§ Action item
Restate all the entries exactly as they appear, apart from the pictures.

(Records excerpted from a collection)
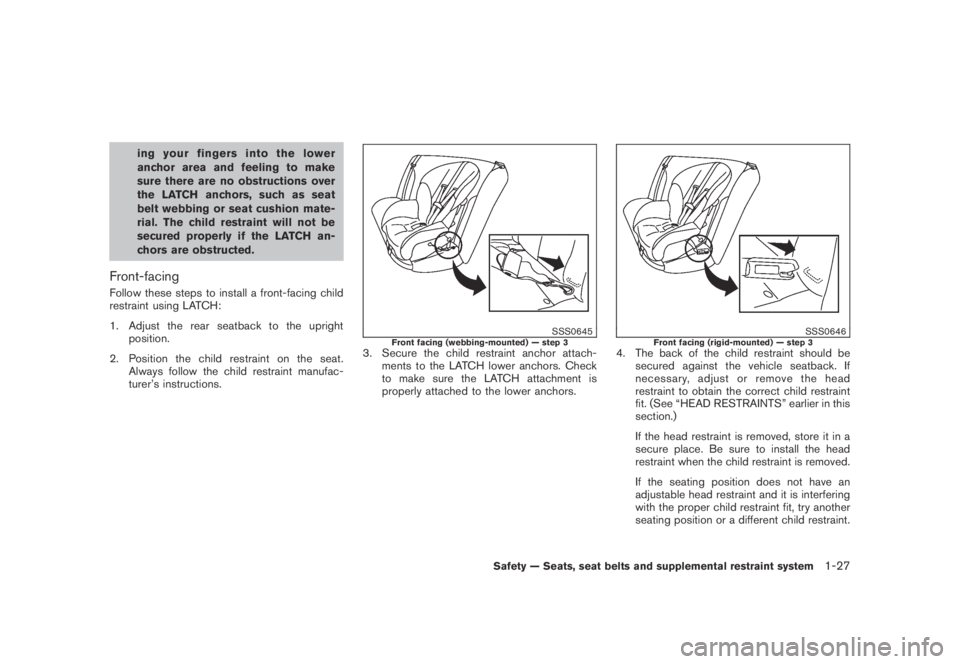 NISSAN MURANO 2009  Owner´s Manual Black plate (39,1)
Model "Z51-D" EDITED: 2007/ 10/ 2
ing your fingers into the lower
anchor area and feeling to make
sure there are no obstructions over
the LATCH anchors, such as seat
belt we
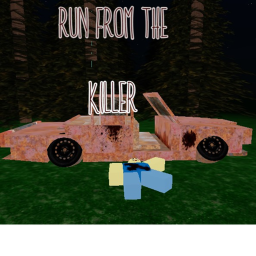 Run from the Killer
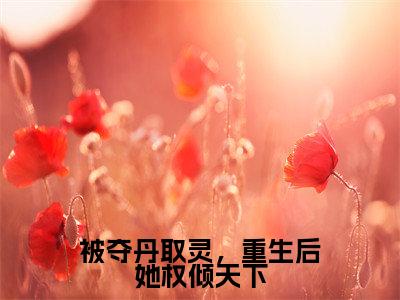 明月小说免费（被夺丹取灵，重生后她权倾天下免费阅读）被夺丹取灵，重生后她权倾天下全文免费阅读无弹窗大结局_明月小说最新章节列表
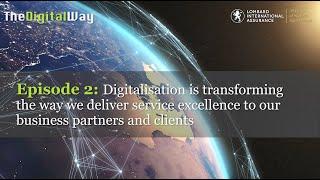 The Digital Way – Ep 2 – Digitalisation is transforming the way we deliver service excellence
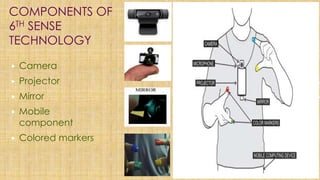 COMPONENTS OF
6TH SENSE
TECHNOLOGY
▶ Camera
▶ Projector
▶ Mirror
▶ Mobile
component
▶ Colored markers
 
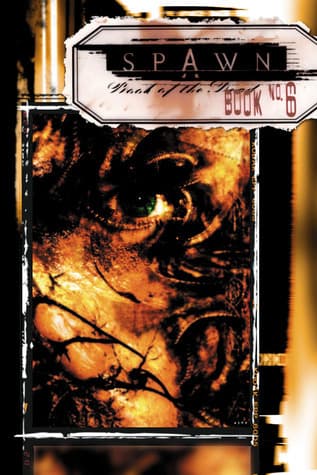 Spawn, Book 6: Pathway to Judgement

§ Response area
 NISSAN MURANO 2009  Owner´s Manual Black plate (39,1)
Model "Z51-D" EDITED: 2007/ 10/ 2
ing your fingers into the lower
anchor area and feeling to make
sure there are no obstructions over
the LATCH anchors, such as seat
belt we
 Run from the Killer
 明月小说免费（被夺丹取灵，重生后她权倾天下免费阅读）被夺丹取灵，重生后她权倾天下全文免费阅读无弹窗大结局_明月小说最新章节列表
 The Digital Way – Ep 2 – Digitalisation is transforming the way we deliver service excellence
 COMPONENTS OF
6TH SENSE
TECHNOLOGY
▶ Camera
▶ Projector
▶ Mirror
▶ Mobile
component
▶ Colored markers
 
 Spawn, Book 6: Pathway to Judgement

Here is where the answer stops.